** Data for this task **
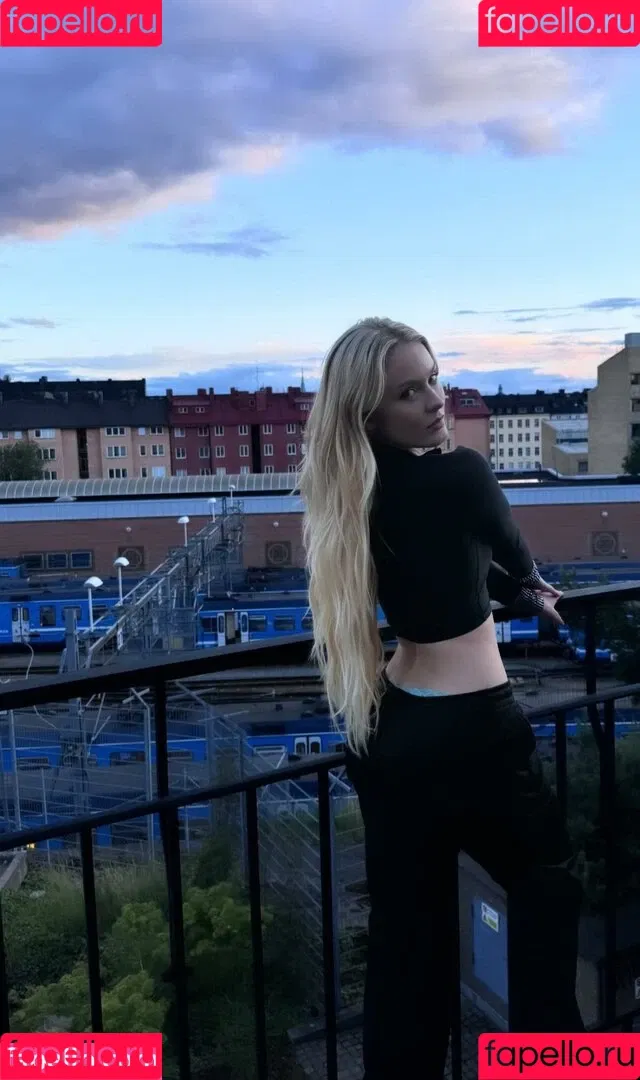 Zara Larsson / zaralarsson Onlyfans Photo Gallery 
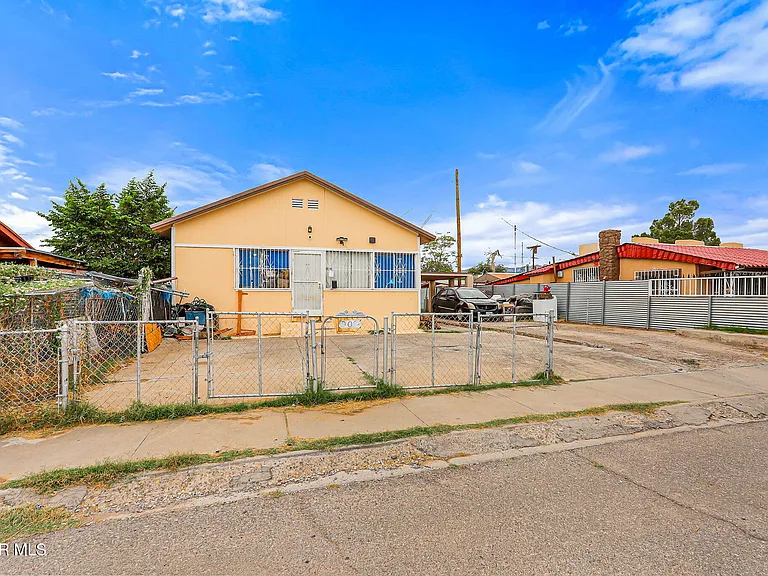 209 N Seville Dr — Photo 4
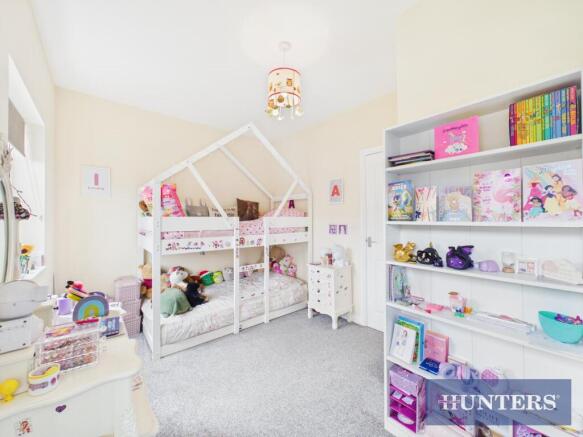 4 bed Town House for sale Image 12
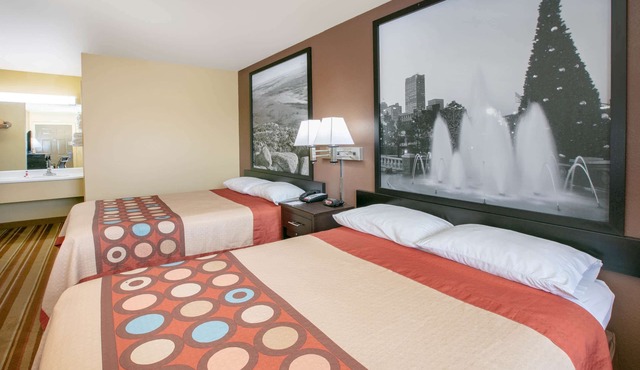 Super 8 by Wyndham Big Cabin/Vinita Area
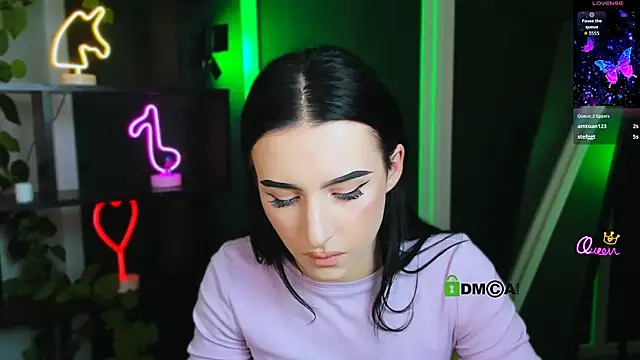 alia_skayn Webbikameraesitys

==

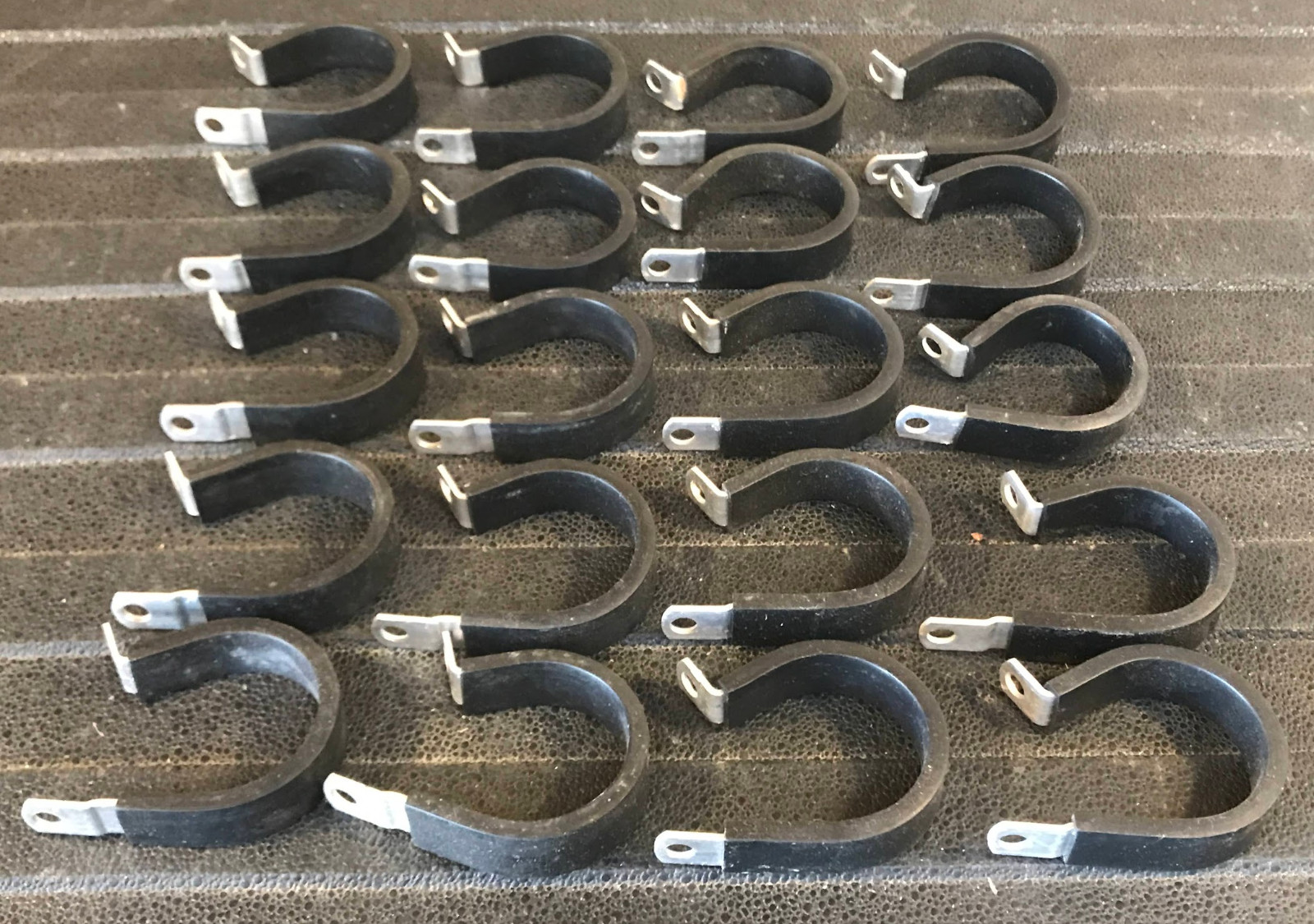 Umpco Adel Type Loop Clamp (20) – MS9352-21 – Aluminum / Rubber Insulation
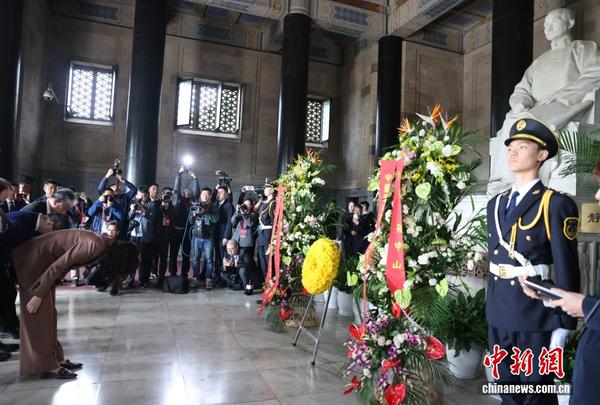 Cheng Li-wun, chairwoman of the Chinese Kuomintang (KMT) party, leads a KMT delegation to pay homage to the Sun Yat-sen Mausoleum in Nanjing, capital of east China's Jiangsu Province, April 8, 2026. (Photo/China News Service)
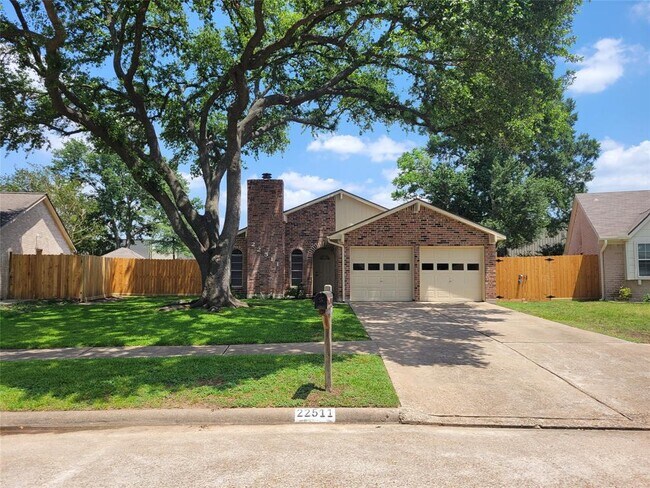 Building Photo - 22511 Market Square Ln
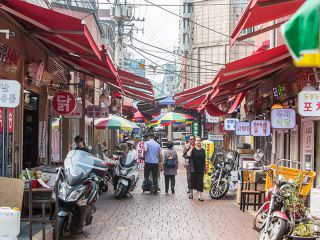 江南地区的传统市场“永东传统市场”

==

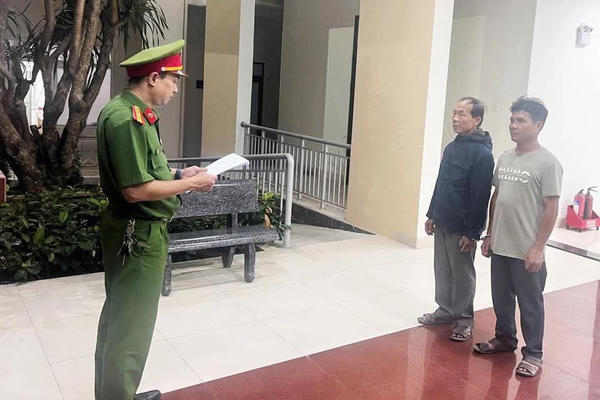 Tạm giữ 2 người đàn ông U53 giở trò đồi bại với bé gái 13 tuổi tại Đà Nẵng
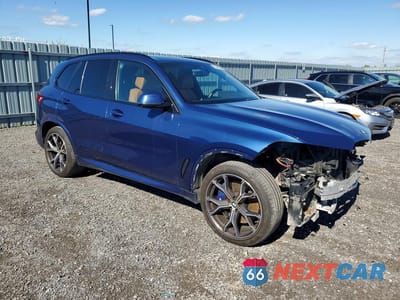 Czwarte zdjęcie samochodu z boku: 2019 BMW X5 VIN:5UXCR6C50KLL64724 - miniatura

** Exercise objective **
Everything from the line with "Zara Larsson /" down to the line with "alia_skayn Webbikameraesitys" in the data above should be copied exactly, with both end lines kept and the pictures left out.

** Task output **
 Zara Larsson / zaralarsson Onlyfans Photo Gallery 
 209 N Seville Dr — Photo 4
 4 bed Town House for sale Image 12
 Super 8 by Wyndham Big Cabin/Vinita Area
 alia_skayn Webbikameraesitys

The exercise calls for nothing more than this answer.